## WHAT YOU WILL DO
Make an exact copy of the data below, leaving out every picture.

Scraped caption text data:
----------------------------------------
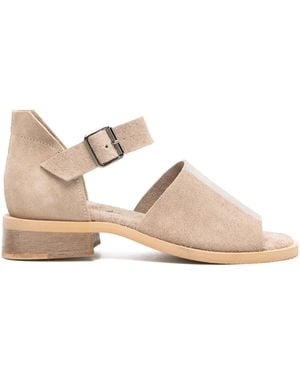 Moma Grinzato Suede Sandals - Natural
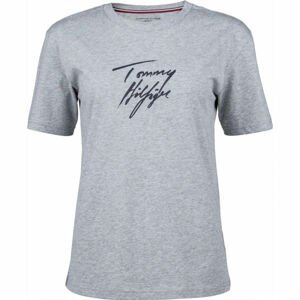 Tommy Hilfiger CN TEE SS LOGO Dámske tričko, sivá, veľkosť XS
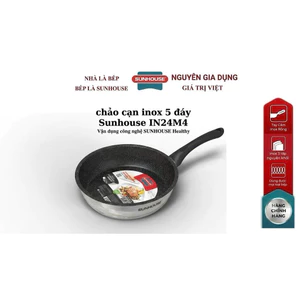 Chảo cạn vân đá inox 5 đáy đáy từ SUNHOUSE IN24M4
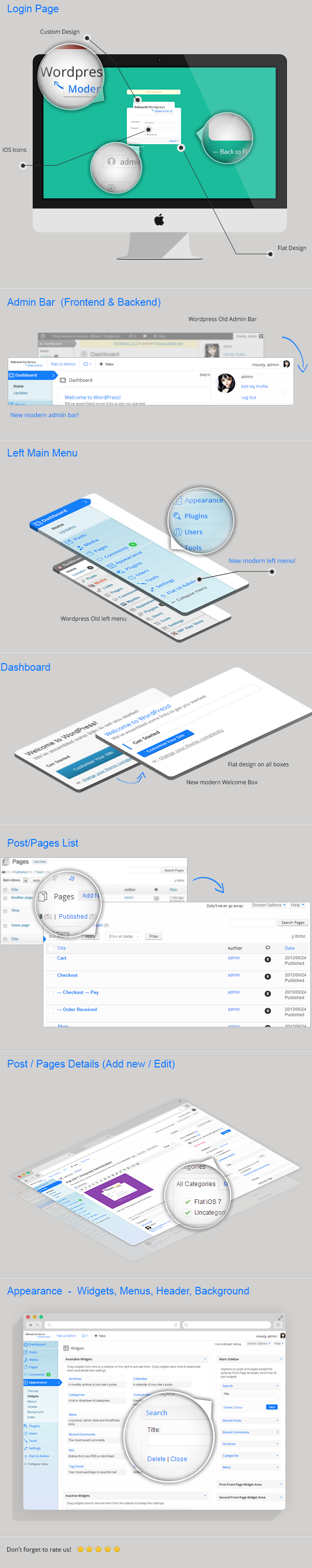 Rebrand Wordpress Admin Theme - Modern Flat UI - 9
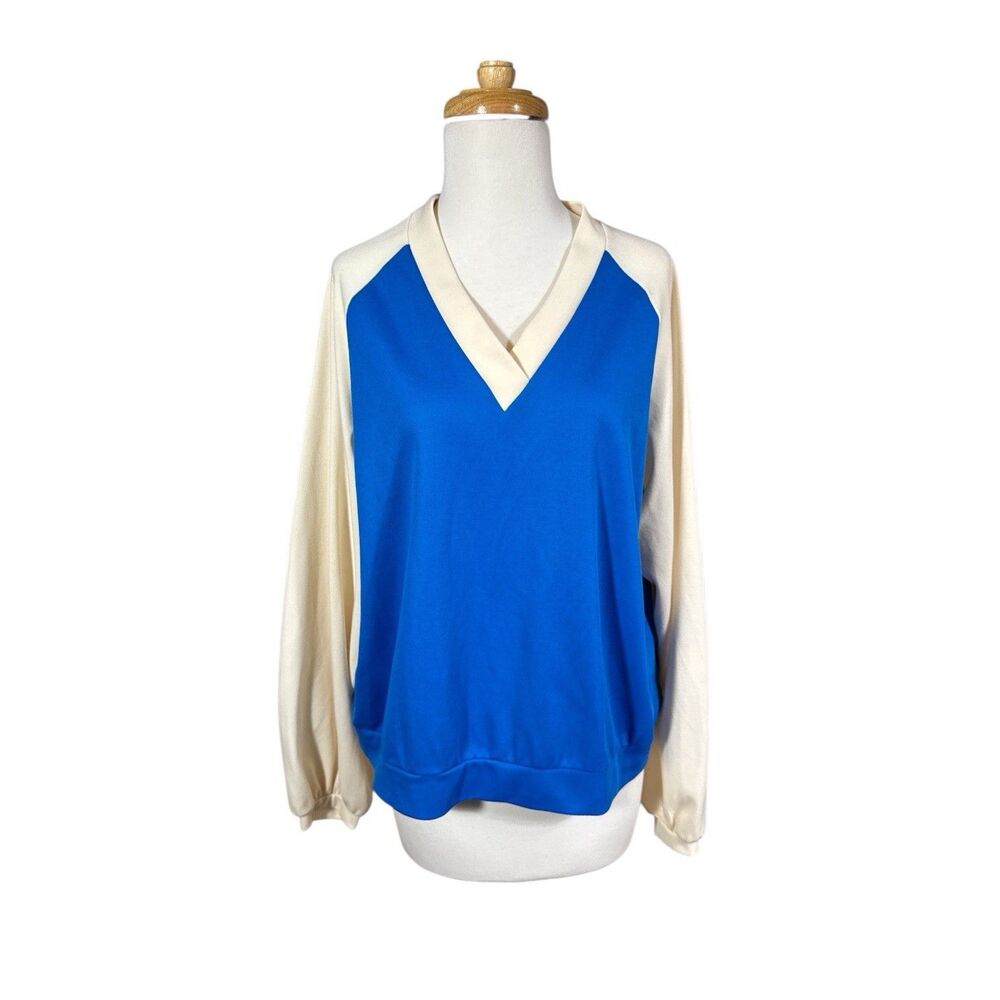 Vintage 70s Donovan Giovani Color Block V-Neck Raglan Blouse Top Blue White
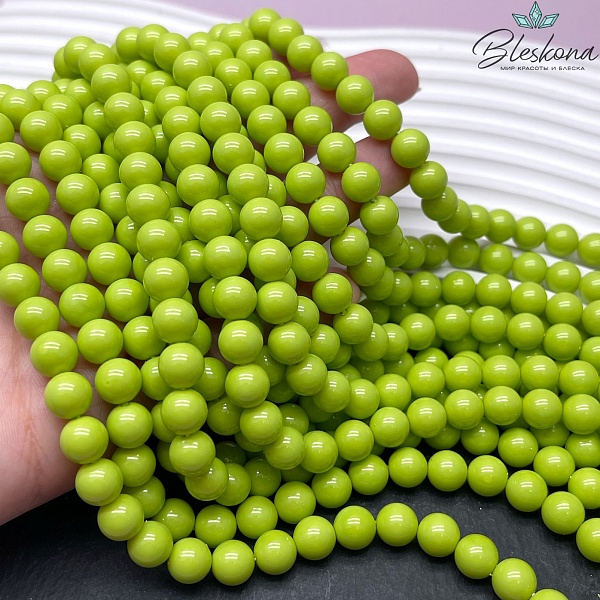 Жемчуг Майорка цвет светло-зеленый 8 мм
----------------------------------------
## RESPONSE
 Moma Grinzato Suede Sandals - Natural
 Tommy Hilfiger CN TEE SS LOGO Dámske tričko, sivá, veľkosť XS
 Chảo cạn vân đá inox 5 đáy đáy từ SUNHOUSE IN24M4
 Rebrand Wordpress Admin Theme - Modern Flat UI - 9
 Vintage 70s Donovan Giovani Color Block V-Neck Raglan Blouse Top Blue White
 Жемчуг Майорка цвет светло-зеленый 8 мм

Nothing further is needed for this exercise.